Months later, I remained in the ever-shrinking pool of undecided Americans on impeachment, because I wanted to hear President Trump’s innocent explanation on this charge. I was glad when the House Judiciary Committee invited the president to come or send his lawyers and representatives. Yet, the president has refused to participate in the House investigation and has barred the members of his team to come testify and explain their actions.

The evidence, and lack of any rebuttal, point clearly to President Trump’s attempt to use taxpayer funds to bribe a foreign leader for the sole purpose of boosting his own political prospects. In the process, he threatened our national security, jeopardized the integrity of our democracy, and since then has obstructed justice by refusing to obey properly issued subpoenas. I believe there is sufficient evidence of these things to warrant further proceedings. So I will vote to send this matter to the Senate, where at long last we may well hear an innocent explanation for all of it. Despite every indication that Senate Majority Leader Mitch McConnell has prejudged the outcome, I hope he will join us in a serious endeavor to find the truth.
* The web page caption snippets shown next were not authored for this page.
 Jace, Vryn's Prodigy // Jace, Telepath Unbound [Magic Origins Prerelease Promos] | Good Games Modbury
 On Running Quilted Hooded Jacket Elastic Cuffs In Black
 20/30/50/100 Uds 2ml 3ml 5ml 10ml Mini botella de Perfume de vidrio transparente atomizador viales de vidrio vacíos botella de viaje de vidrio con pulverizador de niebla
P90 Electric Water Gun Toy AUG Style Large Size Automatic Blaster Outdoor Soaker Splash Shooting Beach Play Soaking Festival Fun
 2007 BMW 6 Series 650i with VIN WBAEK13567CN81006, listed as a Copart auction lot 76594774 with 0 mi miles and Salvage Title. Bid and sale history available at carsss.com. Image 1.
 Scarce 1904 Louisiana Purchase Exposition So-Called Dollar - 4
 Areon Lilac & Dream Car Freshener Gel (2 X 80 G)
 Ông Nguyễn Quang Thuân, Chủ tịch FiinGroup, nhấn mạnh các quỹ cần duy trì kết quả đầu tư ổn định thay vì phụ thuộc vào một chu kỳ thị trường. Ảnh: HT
Unfortunately, Leader McConnell has not been a partner in advancing the interests of the American people. Right now, in his Republican-controlled Senate, he is blocking over 275 of our bills, all of which passed with House Republican support. I suspect he is not acting on them so he can peddle the false narrative that House Democrats aren’t doing anything except investigating the president. McConnell is a fierce partisan and would not hesitate to hold up bills that help Americans in all walks of life just to try to score political points.

In the end, I took only one oath, the one to support, uphold, and defend our Constitution. And even though it may be unpopular at times, I intend to remain faithful to that oath.
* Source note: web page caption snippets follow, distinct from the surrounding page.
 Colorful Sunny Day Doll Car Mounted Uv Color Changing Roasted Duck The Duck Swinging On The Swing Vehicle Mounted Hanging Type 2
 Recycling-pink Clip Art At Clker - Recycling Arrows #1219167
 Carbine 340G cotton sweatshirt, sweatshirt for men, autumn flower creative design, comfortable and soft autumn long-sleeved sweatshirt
Moving forward, I remain committed to doing what I came to Congress to do all along: improve the lives of all Northeastern Pennsylvanians.

About U.S. Rep. Matt Cartwright:
U.S. Rep. Matt Cartwright began serving the people of northeastern Pennsylvania and the eastern Lehigh Valley in the U.S. House of Representatives in 2013. The 17th congressional district includes all of Schuylkill County and portions of Lackawanna, Luzerne, Monroe, Carbon, and Northampton counties. In early 2018, the Pennsylvania Supreme Court redrew and renumbered the state’s congressional districts, and Cartwright announced for the new 8th congressional district, which includes all of Lackawanna, Wayne, and Pike counties and portions of Luzerne and Monroe counties.
Cartwright serves on the powerful House Committee on Appropriations, which makes all discretionary funding decisions in the federal budget. He serves on its Appropriations Subcommittee for Commerce, Justice, and Science and the Subcommittee for Financial Services and General Government and also retains a seat on the House Committee on Oversight and Government Reform, the main congressional panel overseeing the operations of the executive branch.
He has been named a Moderate Democratic Leader in the House by a leading legislator ranking organization.
Cartwright is a magna cum laude graduate of Hamilton College, where he earned bachelor of arts in history in 1983. He is a law review graduate of University of Pennsylvania’s Law School, where he earned a juris doctorate in 1986.
He is married to Marion Munley Cartwright and is the father of two sons, Jack and Matthew. The Cartwrights live in Moosic.